→ **Task to complete**: The lines from the start of the records through the one containing "Kirby Nature Trail" are to be transcribed exactly, and nothing else.

Entries taken from a collection:
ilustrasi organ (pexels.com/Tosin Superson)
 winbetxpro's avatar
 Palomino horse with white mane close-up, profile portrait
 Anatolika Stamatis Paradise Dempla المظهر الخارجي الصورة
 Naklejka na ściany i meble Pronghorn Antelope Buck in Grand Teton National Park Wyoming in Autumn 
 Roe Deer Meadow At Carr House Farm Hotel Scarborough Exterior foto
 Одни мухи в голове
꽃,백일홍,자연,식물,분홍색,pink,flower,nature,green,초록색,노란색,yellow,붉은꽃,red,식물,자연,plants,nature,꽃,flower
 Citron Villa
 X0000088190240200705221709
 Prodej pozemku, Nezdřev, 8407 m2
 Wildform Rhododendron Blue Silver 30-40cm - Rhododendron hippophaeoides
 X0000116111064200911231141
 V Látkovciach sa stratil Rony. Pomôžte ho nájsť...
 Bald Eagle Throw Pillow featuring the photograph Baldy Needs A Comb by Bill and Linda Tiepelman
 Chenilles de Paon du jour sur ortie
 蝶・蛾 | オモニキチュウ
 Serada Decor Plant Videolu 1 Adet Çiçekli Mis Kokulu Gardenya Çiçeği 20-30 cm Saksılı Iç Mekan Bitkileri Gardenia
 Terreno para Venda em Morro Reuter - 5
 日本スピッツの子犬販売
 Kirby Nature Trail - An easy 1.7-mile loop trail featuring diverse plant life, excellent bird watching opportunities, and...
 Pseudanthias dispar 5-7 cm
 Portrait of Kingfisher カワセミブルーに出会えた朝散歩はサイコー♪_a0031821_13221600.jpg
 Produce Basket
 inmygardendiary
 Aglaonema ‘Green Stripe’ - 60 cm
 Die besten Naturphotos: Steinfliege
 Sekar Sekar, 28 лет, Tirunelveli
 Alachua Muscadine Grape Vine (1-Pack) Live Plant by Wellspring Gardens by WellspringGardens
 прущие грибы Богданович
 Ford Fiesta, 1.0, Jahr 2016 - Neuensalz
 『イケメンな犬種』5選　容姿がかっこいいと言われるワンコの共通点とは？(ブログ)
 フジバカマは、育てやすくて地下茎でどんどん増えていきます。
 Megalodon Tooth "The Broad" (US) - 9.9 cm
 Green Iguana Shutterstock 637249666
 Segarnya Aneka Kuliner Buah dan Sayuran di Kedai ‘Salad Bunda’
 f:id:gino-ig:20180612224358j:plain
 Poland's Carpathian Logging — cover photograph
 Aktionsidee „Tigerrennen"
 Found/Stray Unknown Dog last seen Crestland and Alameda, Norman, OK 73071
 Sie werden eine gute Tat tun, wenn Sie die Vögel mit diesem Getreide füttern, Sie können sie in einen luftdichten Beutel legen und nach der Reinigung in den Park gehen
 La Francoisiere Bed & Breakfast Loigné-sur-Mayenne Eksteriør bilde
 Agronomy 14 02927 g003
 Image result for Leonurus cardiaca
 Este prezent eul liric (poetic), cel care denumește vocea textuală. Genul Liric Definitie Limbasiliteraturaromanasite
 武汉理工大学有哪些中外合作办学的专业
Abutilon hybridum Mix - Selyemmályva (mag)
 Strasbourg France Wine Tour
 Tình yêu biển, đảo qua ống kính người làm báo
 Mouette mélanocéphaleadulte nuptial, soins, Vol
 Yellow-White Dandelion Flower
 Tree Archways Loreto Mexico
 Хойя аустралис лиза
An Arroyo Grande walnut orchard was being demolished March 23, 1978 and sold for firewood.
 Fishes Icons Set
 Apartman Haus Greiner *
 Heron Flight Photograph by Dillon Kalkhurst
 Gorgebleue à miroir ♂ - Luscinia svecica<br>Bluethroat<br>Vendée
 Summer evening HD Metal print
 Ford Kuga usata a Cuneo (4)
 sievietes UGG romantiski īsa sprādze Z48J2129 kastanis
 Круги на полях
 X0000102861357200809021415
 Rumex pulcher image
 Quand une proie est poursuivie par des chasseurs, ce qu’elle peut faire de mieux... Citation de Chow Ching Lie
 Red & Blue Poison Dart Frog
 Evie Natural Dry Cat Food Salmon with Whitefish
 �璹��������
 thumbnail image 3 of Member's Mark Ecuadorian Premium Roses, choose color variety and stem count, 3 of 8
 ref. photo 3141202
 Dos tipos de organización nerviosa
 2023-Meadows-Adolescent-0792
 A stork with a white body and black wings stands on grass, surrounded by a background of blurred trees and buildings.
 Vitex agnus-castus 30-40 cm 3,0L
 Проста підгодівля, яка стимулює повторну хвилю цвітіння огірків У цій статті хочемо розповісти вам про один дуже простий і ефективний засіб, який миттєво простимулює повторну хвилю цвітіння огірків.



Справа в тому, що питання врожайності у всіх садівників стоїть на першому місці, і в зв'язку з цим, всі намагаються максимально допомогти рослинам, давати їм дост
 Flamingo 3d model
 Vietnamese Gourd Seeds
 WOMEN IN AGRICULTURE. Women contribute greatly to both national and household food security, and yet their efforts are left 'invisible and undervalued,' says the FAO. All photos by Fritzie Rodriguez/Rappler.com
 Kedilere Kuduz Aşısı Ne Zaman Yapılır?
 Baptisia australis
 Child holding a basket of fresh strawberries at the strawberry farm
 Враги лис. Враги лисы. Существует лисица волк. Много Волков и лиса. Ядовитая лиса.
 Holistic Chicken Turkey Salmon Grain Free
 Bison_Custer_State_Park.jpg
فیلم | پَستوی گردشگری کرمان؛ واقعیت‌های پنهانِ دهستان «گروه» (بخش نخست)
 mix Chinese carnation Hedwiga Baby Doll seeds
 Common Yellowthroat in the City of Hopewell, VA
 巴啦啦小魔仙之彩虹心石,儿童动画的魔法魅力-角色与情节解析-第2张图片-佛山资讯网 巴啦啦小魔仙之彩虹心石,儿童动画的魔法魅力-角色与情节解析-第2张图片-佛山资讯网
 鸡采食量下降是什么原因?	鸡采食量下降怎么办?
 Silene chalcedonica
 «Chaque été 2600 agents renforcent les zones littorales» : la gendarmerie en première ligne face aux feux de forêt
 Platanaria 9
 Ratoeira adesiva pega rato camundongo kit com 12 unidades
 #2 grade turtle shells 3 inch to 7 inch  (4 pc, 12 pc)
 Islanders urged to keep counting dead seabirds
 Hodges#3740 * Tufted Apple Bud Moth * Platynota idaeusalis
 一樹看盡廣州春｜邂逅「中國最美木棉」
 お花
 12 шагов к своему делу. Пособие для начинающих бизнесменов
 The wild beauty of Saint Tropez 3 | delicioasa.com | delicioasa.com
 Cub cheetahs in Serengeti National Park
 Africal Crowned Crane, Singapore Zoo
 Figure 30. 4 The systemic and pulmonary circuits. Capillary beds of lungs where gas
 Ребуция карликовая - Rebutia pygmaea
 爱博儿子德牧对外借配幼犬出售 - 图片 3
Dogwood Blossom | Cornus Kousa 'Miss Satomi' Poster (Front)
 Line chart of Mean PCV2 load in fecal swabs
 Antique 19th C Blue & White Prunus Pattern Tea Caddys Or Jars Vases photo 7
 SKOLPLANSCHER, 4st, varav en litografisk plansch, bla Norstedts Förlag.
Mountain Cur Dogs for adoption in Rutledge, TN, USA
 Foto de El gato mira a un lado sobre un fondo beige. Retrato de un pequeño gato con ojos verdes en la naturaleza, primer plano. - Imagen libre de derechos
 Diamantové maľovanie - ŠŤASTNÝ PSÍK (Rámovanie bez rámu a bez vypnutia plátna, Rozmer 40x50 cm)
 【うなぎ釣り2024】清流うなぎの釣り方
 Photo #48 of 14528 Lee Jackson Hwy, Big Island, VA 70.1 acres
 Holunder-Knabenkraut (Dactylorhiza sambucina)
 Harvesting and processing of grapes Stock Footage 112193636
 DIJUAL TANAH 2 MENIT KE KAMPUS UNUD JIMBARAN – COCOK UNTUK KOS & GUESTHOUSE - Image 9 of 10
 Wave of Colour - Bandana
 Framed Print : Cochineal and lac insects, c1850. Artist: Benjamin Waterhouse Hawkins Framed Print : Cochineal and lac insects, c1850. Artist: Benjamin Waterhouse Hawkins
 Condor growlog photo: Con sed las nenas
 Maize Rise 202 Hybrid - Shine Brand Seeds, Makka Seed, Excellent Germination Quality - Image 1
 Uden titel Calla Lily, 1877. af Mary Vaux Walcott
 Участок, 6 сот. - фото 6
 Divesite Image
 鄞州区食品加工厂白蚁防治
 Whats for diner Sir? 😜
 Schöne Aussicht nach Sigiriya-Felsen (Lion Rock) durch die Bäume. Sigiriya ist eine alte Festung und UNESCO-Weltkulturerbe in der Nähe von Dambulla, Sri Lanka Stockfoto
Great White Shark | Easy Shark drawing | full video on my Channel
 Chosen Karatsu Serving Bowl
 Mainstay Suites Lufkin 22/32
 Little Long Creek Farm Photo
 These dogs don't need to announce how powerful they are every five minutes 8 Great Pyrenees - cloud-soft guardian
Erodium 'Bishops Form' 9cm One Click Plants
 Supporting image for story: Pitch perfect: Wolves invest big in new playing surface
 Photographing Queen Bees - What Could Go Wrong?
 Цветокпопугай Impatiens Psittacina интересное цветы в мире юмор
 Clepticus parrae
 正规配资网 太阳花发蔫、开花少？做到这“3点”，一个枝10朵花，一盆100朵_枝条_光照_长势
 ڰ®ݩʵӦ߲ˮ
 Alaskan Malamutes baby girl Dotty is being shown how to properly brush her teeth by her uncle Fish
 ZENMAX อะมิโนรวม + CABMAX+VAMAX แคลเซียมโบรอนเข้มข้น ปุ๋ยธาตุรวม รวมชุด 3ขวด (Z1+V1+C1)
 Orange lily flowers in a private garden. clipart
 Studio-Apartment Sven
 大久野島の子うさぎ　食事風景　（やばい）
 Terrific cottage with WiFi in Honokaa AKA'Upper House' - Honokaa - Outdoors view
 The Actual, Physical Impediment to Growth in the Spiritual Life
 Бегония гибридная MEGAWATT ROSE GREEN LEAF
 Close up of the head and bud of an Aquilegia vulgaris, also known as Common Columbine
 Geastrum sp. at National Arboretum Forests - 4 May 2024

→ **Answer space**:
ilustrasi organ (pexels.com/Tosin Superson)
 winbetxpro's avatar
 Palomino horse with white mane close-up, profile portrait
 Anatolika Stamatis Paradise Dempla المظهر الخارجي الصورة
 Naklejka na ściany i meble Pronghorn Antelope Buck in Grand Teton National Park Wyoming in Autumn 
 Roe Deer Meadow At Carr House Farm Hotel Scarborough Exterior foto
 Одни мухи в голове
꽃,백일홍,자연,식물,분홍색,pink,flower,nature,green,초록색,노란색,yellow,붉은꽃,red,식물,자연,plants,nature,꽃,flower
 Citron Villa
 X0000088190240200705221709
 Prodej pozemku, Nezdřev, 8407 m2
 Wildform Rhododendron Blue Silver 30-40cm - Rhododendron hippophaeoides
 X0000116111064200911231141
 V Látkovciach sa stratil Rony. Pomôžte ho nájsť...
 Bald Eagle Throw Pillow featuring the photograph Baldy Needs A Comb by Bill and Linda Tiepelman
 Chenilles de Paon du jour sur ortie
 蝶・蛾 | オモニキチュウ
 Serada Decor Plant Videolu 1 Adet Çiçekli Mis Kokulu Gardenya Çiçeği 20-30 cm Saksılı Iç Mekan Bitkileri Gardenia
 Terreno para Venda em Morro Reuter - 5
 日本スピッツの子犬販売
 Kirby Nature Trail - An easy 1.7-mile loop trail featuring diverse plant life, excellent bird watching opportunities, and...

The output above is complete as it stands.